Thomas Buchner
Rechtsanwaltskanzlei

Begleitbild des Rechtsgebiets "Führerscheinrecht" - Kanzlei Buchner

Führerschein

Des Deutschen liebstes Kind, das Auto, will auch bewegt werden. Hierzu bedarf es einer gültigen Fahrerlaubnis.

Die Fahrerlaubnis und der zugehörige Führerschein, welche oft mühevoll und teuer erworben wurden, können sowohl auf strafrechtlichem Wege, z.B. durch Strafbefehl oder Urteil, wie auch verkehrsverwaltungsrechtlich durch die Fahrerlaubnisbehörde entzogen werden.

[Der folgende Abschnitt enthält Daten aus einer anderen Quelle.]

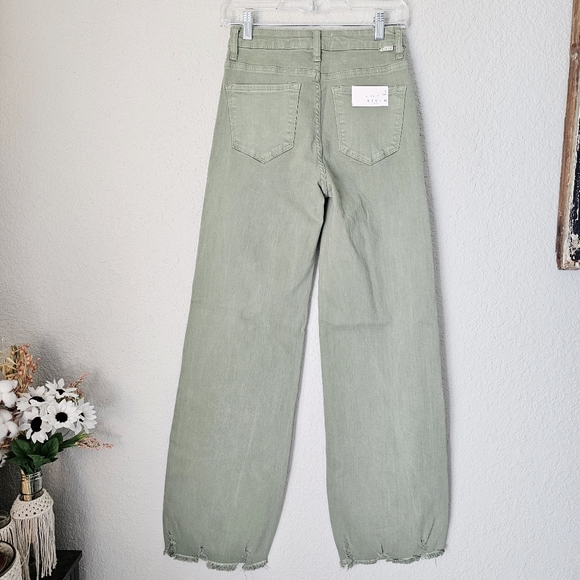 RISEN High Rise Wide Leg Olive Denim Jeans Classic Frayed Hem Size 1/25 NEW - Picture 9 of 15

Erkenntnisse der zuständigen „Führerscheinstelle“, die ihr durch Zufall oder auch durch amtliche Mitteilungen, z.B. durch die Polizei oder das (Straf-) Gericht, zugehen, können dazu führen, dass aufgrund Alkohol-, Drogen- oder Medikamentenauffälligkeit oder auch wegen Erkrankungen (z.B. Diabetes, Epilepsie) oder sonstiger körperlicher Mängel (gerade bei älteren Menschen), die Fahrerlaubnis gegebenenfalls sogar ohne vorherige Teilnahme am Straßenverkehr entzogen wird. Das Einreichen von Unterlagen (gerade ärztliche Atteste) birgt eine immense Gefahr, der Behörde zusätzliche Argumente gegen die Fahreignung zu liefern.

In der Regel wird die Beibringung eines fachärztlichen Gutachtens, was gerade bei älteren Menschen zum nahezu unüberwindlichen Hindernis werden kann oder auch eine medizinisch-psychologische Untersuchung (kurz: MPU), landläufig auch „Depperltest“ oder „Idiotentest“ genannt, angeordnet, um die Fahreignung zu überprüfen. Diese Untersuchungen sind nicht nur teuer, sondern auch in den Erfolgsaussichten ungewiss, zumindest sind diese nicht ohne vorherige ausführliche Besprechung und Vorbereitung hierauf zu bestehen.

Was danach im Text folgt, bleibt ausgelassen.